I hope that high school football fans on the Hi-Line know how lucky they all are. No, check that, how lucky we all are, because I’m a fan too.
On Saturday afternoon, in what will surely a frigid and cold town of Big Sandy, fans will get to watch the Class C Six-Man Pioneers try to reach the state championship game. It’s an exciting time for the Pioneers, the Big Sandy student-body and the entire town and win or lose Saturday against Valier, it’s history in the making.
But Saturday’s game in Big Sandy is just another in a long line of great and historical football stories on the Hi-Line, as our area continues to churn out great high school football.
For me, it all began in 2002 when Havre High unexpectedly reached and hosted the Class A state championship game.

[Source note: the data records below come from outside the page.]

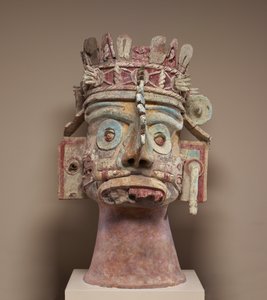 बारिश के देवता टाललोक के प्रमुख, स्वर्गीय पोस्टक्लासिक अवधि, c.1300-1521 (चीनी मिट्टी, टुफा, प्लास्टर और पेंट) द्वारा मिक्सटेक मिक्सटेक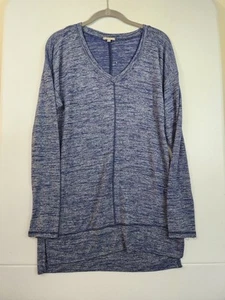 Mododoc Womens Size S Blue Heathered Long Sleeve V-Neck Tunic Sweater - Picture 1 of 4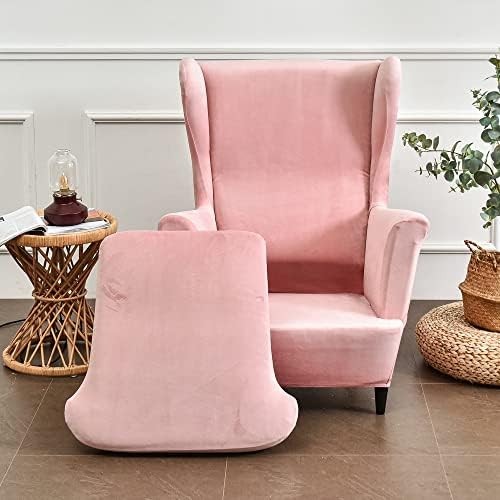 GULI Wingback Chair Cover 2-Piece Velvet Pink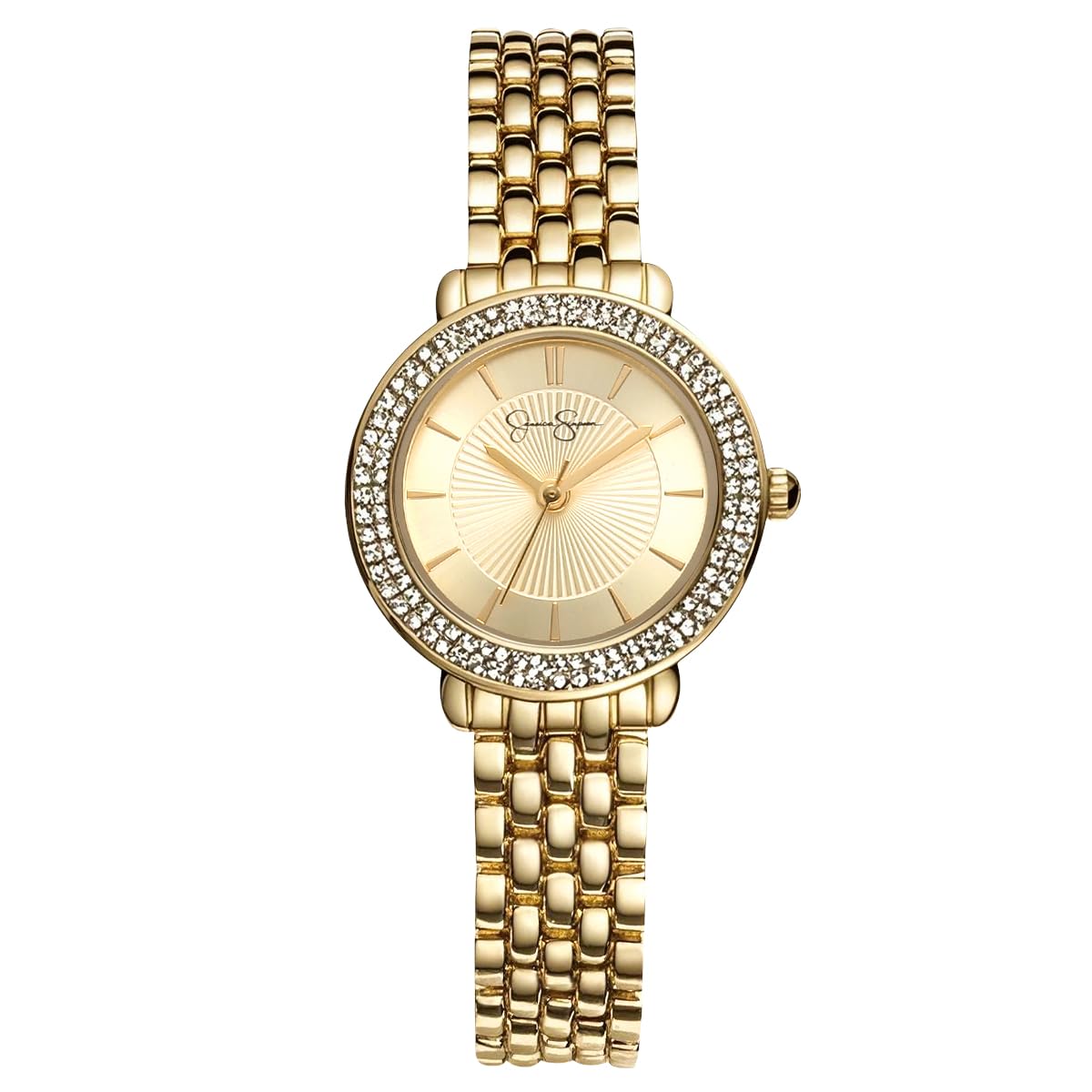 Jessica Simpson Women’s Round Gold Watch 28.5mm Champagne Dial Crystal Bezel Bracelet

The Ponies lost a close battle with Laurel that day, but just two years later, they got their coveted state championship when they bested Billings Central in the 2004 title game.

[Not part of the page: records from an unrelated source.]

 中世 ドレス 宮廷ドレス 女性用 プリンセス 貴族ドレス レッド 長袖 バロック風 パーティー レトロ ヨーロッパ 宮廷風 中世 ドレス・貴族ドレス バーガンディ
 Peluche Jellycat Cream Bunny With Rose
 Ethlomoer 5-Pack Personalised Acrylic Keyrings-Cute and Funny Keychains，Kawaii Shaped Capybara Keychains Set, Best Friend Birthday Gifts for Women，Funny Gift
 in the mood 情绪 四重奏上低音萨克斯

For me, and for fans, that could have been the pinnacle of football success on the Hi-Line. But really, it was just the beginning.

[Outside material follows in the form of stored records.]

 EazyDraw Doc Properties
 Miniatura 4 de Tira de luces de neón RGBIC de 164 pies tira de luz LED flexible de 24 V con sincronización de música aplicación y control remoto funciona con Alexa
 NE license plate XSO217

Havre has continued to make the playoffs on a regular basis, while Chinook and Big Sandy have been more than dominant in their respective classes over that same time frame. Add in multiple playoff appearances by North Star and Chester/J-I and it’s tough to argue against the Hi-Line being one of the high school football hotbeds in the Treasure State.
Chinook’s recent run includes four straight trips to the Class C playoffs, two semifinal berths and a Class C state championship in 2010. Again, that frigid November day when the Sugarbeeters blasted Wibaux for the school’s first football state title could have been the mountain top for area, but Big Sandy may have other ideas this season.
And for longevity sake, Chinook and Havre have been great for a long time now, but consistency has been the trademark of Big Sandy football.
The Pioneers are making their third straight trip to the Six-Man semifinals, and Saturday’s game against Valier may be the Pioneers’ best chance to get into the championship game.
However, Big Sandy hasn’t just been a Six-Man power the last 10 years, the Pioneers also made plenty of noise as a Northern C 8-man power not so long ago. In 2003, the Pioneers made it all the way to the Class C championship game before falling to the Drummond Trojan dynasty. And Big Sandy kept up its great play, through its remaining years in 8-man football and now in the Six-Man ranks.
And now, ironically, in a season in which the Pioneers are the subject of a football documentary on Six-Man football in Montana, they are on the verge of a historic season.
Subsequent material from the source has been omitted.